Monitoring task completion in IPython Notebook
I would like to share a simple but useful tool. When you work a lot with data, primitive but long operations often arise, for example: “download 10,000 URLs”, “read a 2GB file, and do something with each line”, “parse 10,000 html files and get the headers” . It is alarming to look into a hung terminal for a long time, so for a long time I used the following ingenious code:
This function is beautiful, for more than a year she wandered from task to task.
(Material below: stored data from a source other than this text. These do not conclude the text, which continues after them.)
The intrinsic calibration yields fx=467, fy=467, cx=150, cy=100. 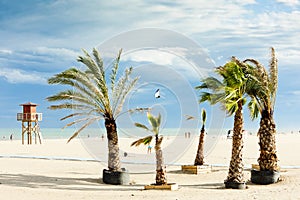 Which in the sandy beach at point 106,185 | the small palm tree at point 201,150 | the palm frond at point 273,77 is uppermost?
the palm frond at point 273,77

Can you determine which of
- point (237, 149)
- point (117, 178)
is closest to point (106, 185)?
point (117, 178)

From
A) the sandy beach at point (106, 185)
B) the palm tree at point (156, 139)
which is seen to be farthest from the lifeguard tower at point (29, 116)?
the palm tree at point (156, 139)

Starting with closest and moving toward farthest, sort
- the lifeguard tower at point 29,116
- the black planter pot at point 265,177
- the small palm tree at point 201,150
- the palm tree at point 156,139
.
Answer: the palm tree at point 156,139, the black planter pot at point 265,177, the small palm tree at point 201,150, the lifeguard tower at point 29,116

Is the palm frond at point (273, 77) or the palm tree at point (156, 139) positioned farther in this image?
the palm frond at point (273, 77)

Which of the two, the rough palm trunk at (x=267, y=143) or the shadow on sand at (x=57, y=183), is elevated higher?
the rough palm trunk at (x=267, y=143)

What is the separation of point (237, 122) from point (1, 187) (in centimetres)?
908

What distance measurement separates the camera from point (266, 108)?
19312 millimetres

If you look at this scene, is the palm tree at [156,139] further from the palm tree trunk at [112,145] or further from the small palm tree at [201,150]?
the small palm tree at [201,150]

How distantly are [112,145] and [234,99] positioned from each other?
5.48m

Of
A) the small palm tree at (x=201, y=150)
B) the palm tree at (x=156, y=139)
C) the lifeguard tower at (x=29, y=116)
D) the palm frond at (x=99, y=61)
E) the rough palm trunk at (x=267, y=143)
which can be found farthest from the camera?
the lifeguard tower at (x=29, y=116)

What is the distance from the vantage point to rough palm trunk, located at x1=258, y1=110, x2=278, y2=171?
754 inches

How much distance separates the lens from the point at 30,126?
181ft

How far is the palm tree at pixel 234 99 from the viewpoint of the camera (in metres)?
17.7

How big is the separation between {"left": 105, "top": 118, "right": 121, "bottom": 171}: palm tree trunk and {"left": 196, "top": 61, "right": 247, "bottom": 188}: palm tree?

But recently, I noticed an IntProgress widget in the standard Jupyter package and realized that it was time to change something:
Logging in stderr has three small problems:
Like many people who work with data, I am a fan of Jupyter. I spend most of my time there. Therefore, I can afford the following solution, incompatible with other environments:
Everything is the same, only the counter is displayed not in stderr, but in a special widget. Very simple and convenient. For those who are also hooked on Jupyter, I posted a slightly improved version on github.com/alexanderkuk/log-progress on github . The module is distributed by copy-paste. Use on health.
The improved version displays, in addition to the strip, a counter. And it changes color depending on whether the operation completed successfully or not: It
supports iterators:
Naturally, there can be several progress of bars in one cell:
And they can even work from different threads:
In short, once again the link to the code github.com/alexanderkuk/log -progress .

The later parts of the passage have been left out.